Iraq joins UAE in calling to keep cuts despite oil gains

Mahmoud Habboush, Anthony DiPaola and Wael Mahdi January 14, 2018
ABU DHABI and DUBAI (Bloomberg) -- Iraq joined the United Arab Emirates, Qatar and Oman in calling for OPEC and allied producers to stick with their agreement to cut oil output until the end of the year, despite recent price gains.

Output cuts by the Organization of Petroleum Exporting Countries and fellow producers have contributed to stability in the oil market, and Iraq supports OPEC’s decision to keep the caps in place, Oil Minister Jabbar al-Luaibi said at a conference in Abu Dhabi. OPEC’s agreement with other suppliers in November to rein in output until the end of 2018 helped lift Brent crude briefly above $70/bbl last week.

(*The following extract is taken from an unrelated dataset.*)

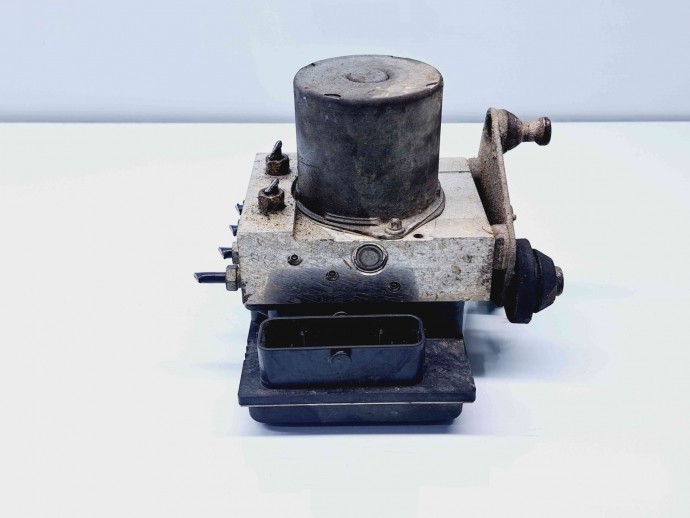 Pompa ABS Mercedes Vito Autobus (W639) [Fabr 2003-2014] A0084316212 2.2 CDI 651940 100KW / 136CP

“There are some sources here and there indicating that the market is flourishing now, the prices are healthy, so let’s talk about terminating the freeze,” al-Luaibi said on Saturday. “This is the wrong judgment, and we don’t agree with such a concept.”

The United Arab Emirates foresees no big changes in OPEC’s policy to result from short-term price fluctuations, UAE Energy Minister Suhail Al Mazrouei said at the same event. Qatar Energy Minister Mohammed bin Saleh Al Sada told the official Qatar News Agency that the group should only review its cuts accord once crude stockpiles return to a five-year historical average.

Holding gains

Brent crude rose as high as $70.05/bbl on Thursday before paring gains, and the international benchmark added 0.6% on Friday to end the week at $69.87/bbl in London, the highest closing price since since December 2014. Prices are holding gains after a second yearly advance as OPEC and allies including Russia and Oman trim supply to clear a glut.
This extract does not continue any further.